**Exercise description:**
Set down all of the data exactly. Pictures stay out of the copy.

**Dataset excerpt:**
────────────────

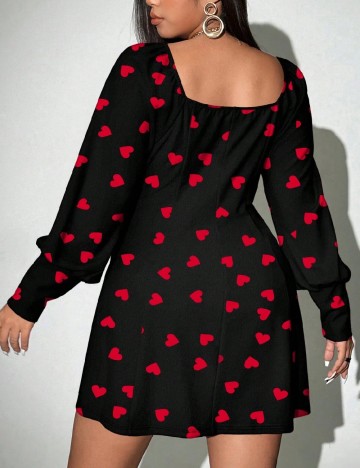 Rochie scurta SHEIN CURVE, negru/rosu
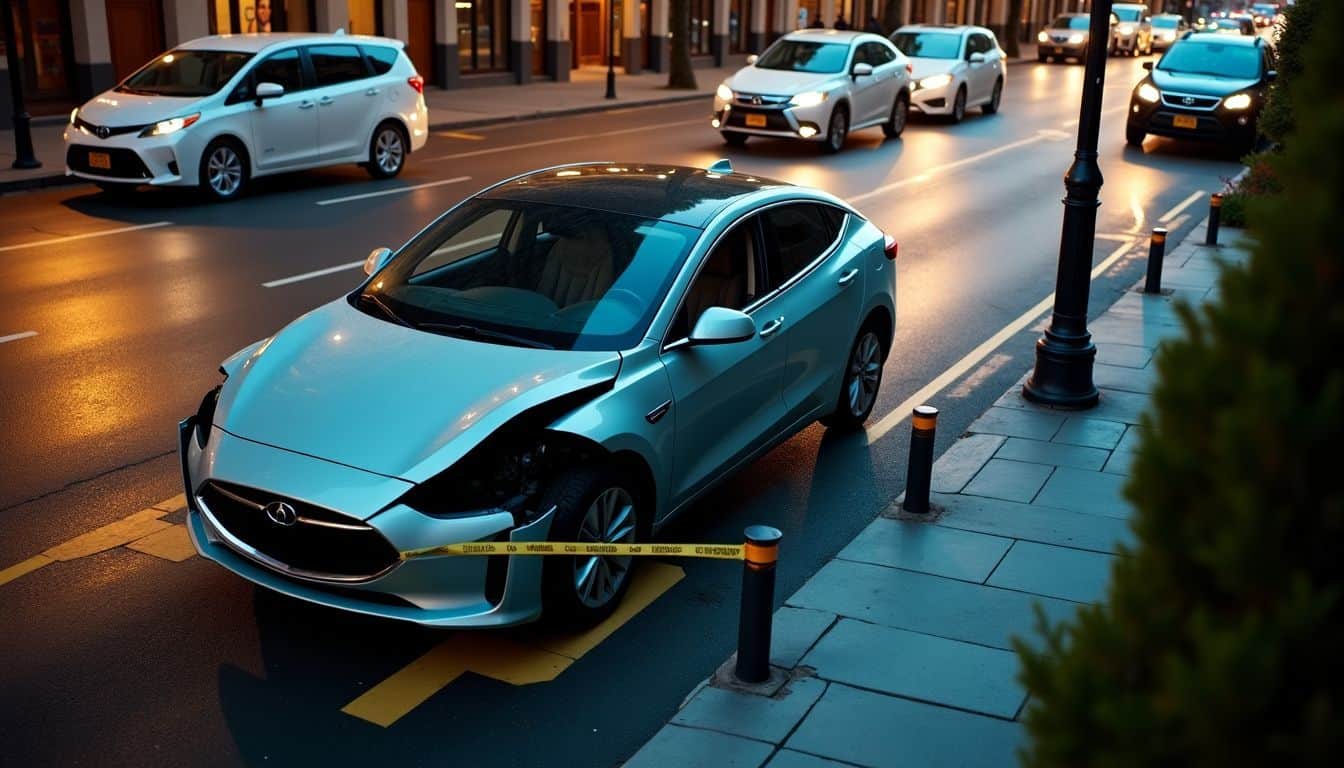 A damaged electric car surrounded by caution tape and insurance adjuster vehicles. A damaged electric car surrounded by caution tape and insurance adjuster vehicles.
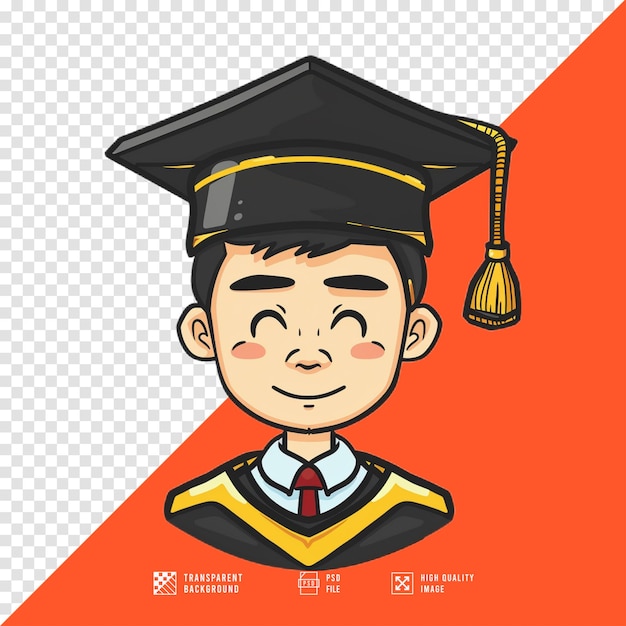 PSD vector man wearing graduation gown without background hd quality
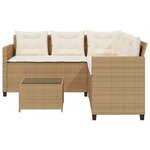 vidaXL Canapé de jardin avec table et coussins en forme de L beige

────────────────

**Solution below:**
 Rochie scurta SHEIN CURVE, negru/rosu
 A damaged electric car surrounded by caution tape and insurance adjuster vehicles. A damaged electric car surrounded by caution tape and insurance adjuster vehicles.
 PSD vector man wearing graduation gown without background hd quality
 vidaXL Canapé de jardin avec table et coussins en forme de L beige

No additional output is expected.